[Opening Available data section]
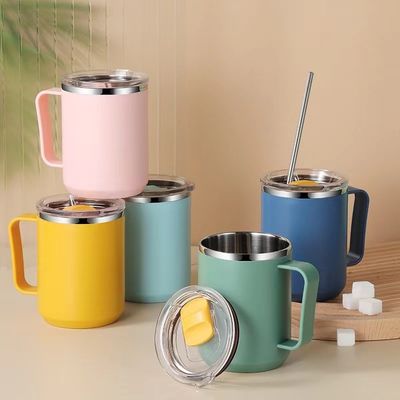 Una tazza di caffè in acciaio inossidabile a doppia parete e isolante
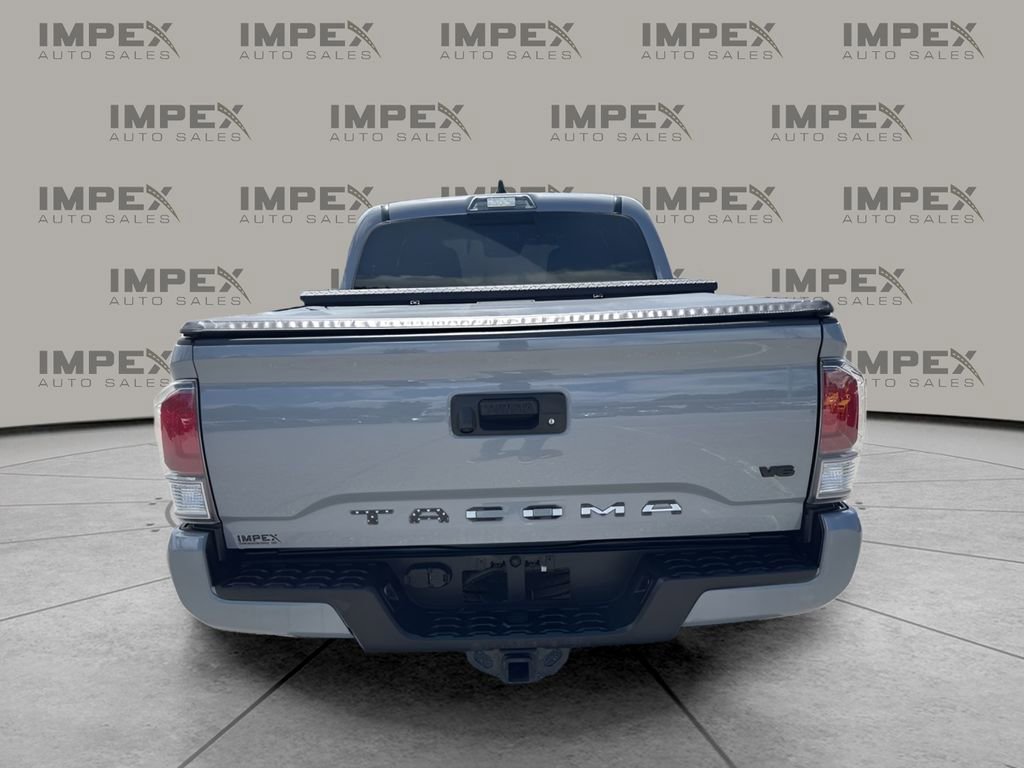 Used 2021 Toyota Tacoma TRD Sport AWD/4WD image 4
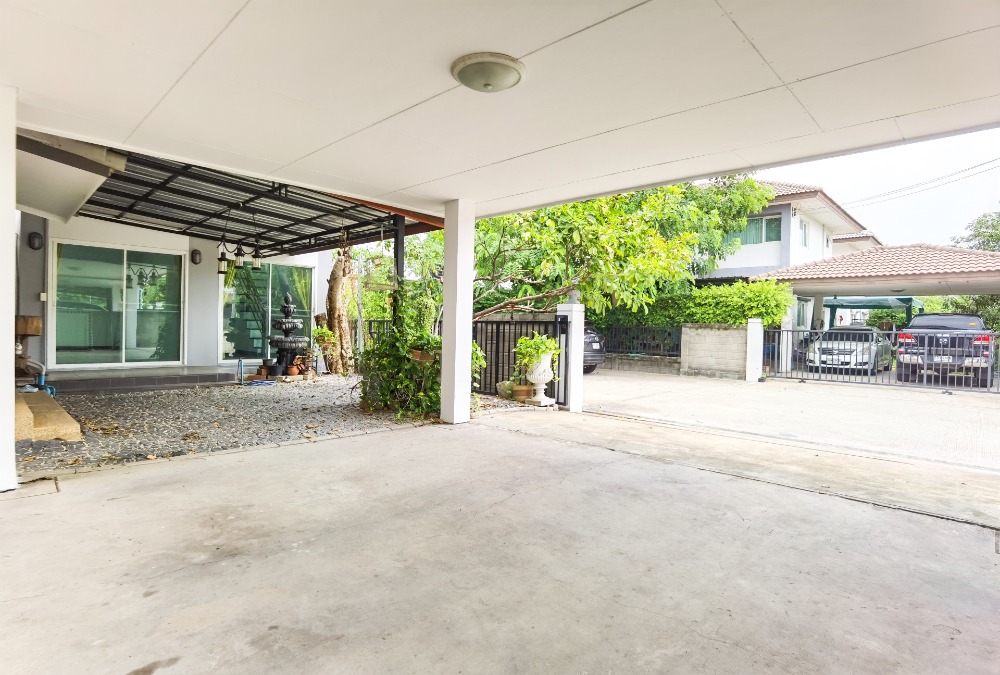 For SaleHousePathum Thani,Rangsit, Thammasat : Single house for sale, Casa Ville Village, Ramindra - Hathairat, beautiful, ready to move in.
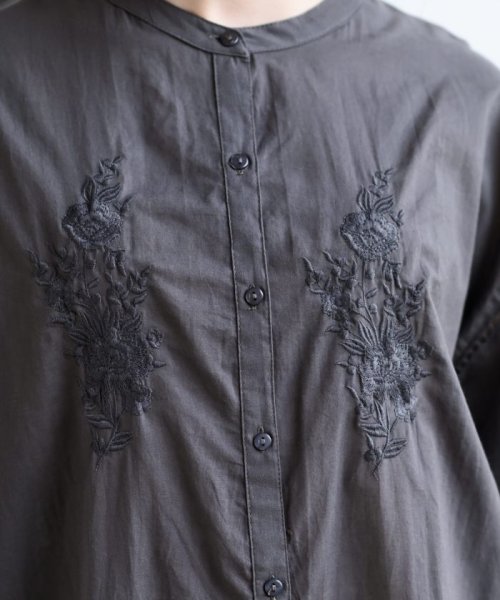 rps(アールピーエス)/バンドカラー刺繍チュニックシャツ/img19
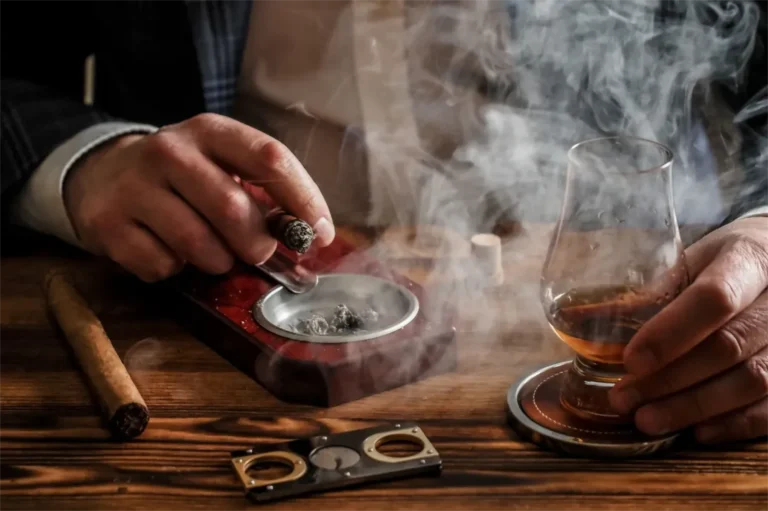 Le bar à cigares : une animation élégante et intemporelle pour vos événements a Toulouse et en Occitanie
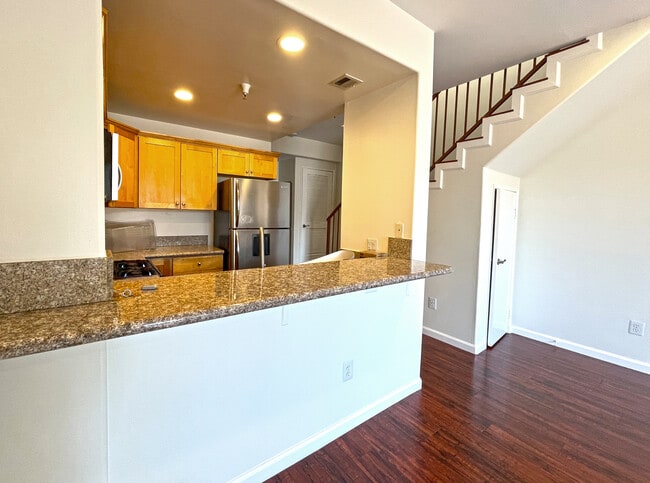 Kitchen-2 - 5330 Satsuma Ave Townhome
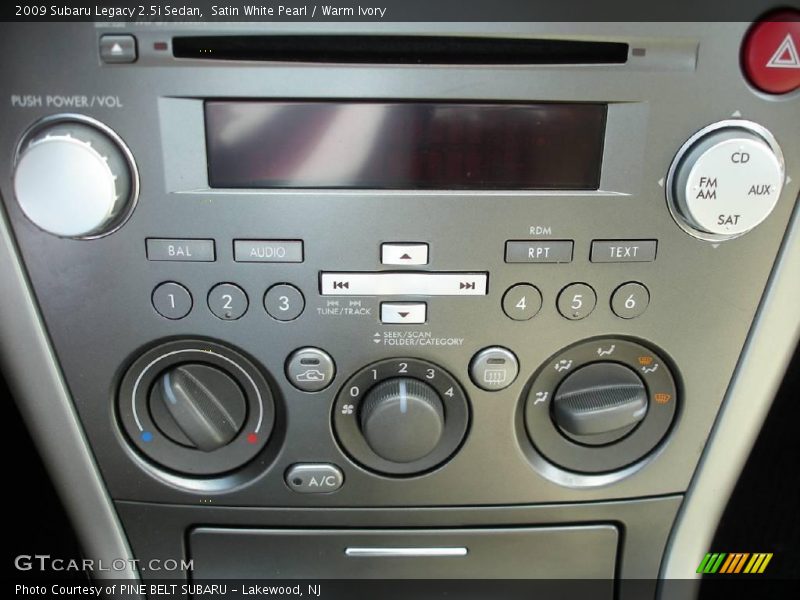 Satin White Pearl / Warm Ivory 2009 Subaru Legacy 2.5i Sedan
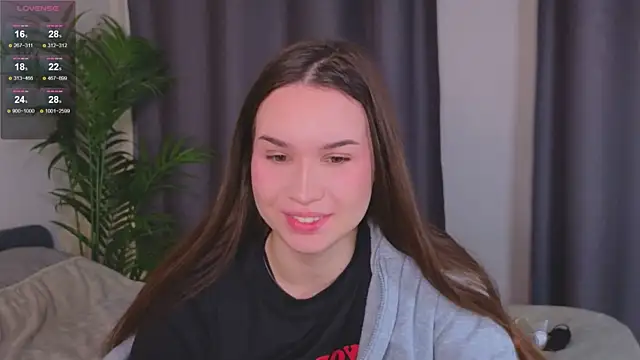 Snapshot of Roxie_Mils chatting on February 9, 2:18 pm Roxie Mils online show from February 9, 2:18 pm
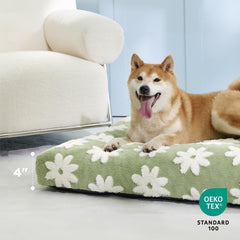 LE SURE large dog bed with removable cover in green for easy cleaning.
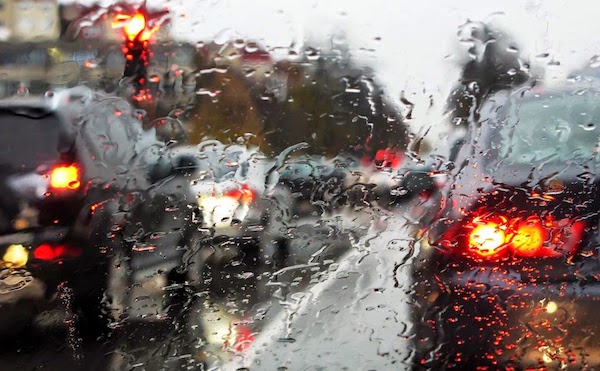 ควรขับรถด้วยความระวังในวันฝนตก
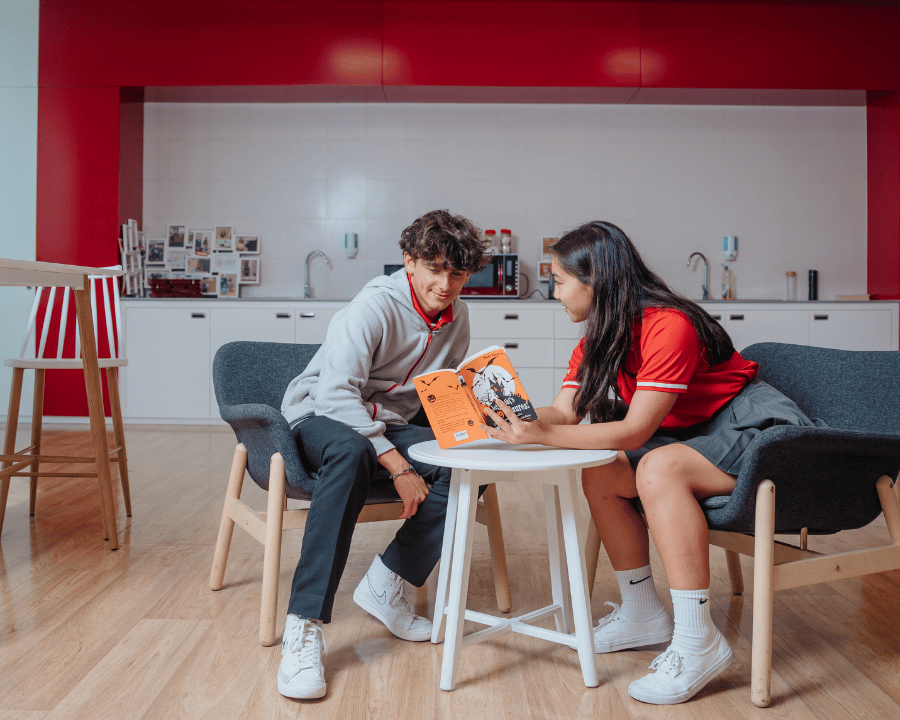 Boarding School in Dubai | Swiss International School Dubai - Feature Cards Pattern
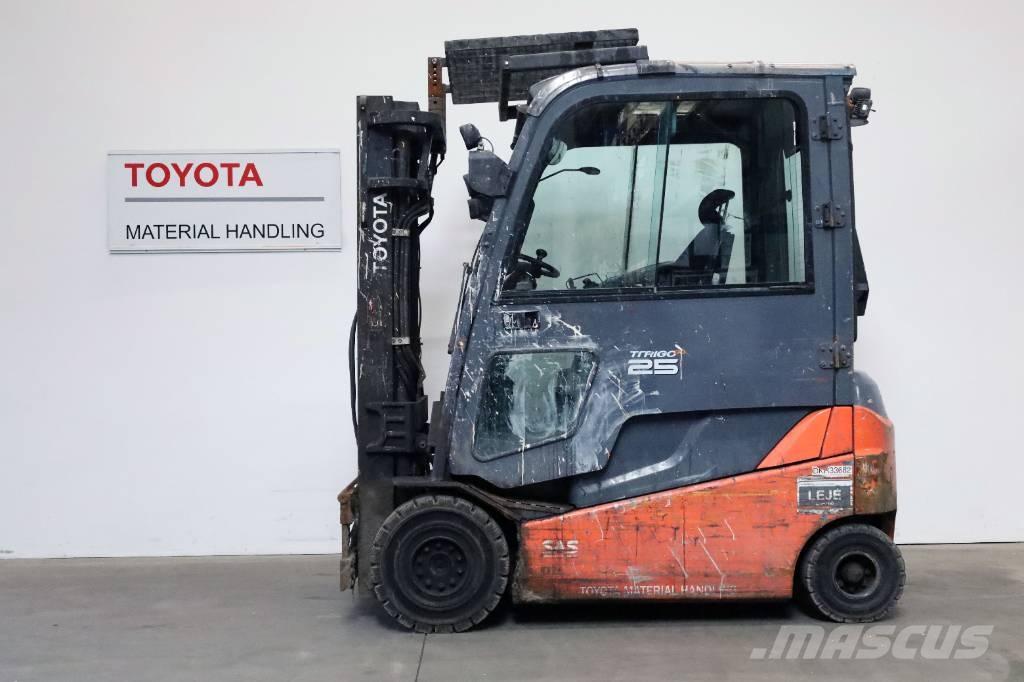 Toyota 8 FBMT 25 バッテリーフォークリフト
[Closing Available data section]
■ **What you are asked to do**
Give back every record precisely as it stands, without the images.

■ **Result of the task**
 Una tazza di caffè in acciaio inossidabile a doppia parete e isolante
 Used 2021 Toyota Tacoma TRD Sport AWD/4WD image 4
 For SaleHousePathum Thani,Rangsit, Thammasat : Single house for sale, Casa Ville Village, Ramindra - Hathairat, beautiful, ready to move in.
 rps(アールピーエス)/バンドカラー刺繍チュニックシャツ/img19
 Le bar à cigares : une animation élégante et intemporelle pour vos événements a Toulouse et en Occitanie
 Kitchen-2 - 5330 Satsuma Ave Townhome
 Satin White Pearl / Warm Ivory 2009 Subaru Legacy 2.5i Sedan
 Snapshot of Roxie_Mils chatting on February 9, 2:18 pm Roxie Mils online show from February 9, 2:18 pm
 LE SURE large dog bed with removable cover in green for easy cleaning.
 ควรขับรถด้วยความระวังในวันฝนตก
 Boarding School in Dubai | Swiss International School Dubai - Feature Cards Pattern
 Toyota 8 FBMT 25 バッテリーフォークリフト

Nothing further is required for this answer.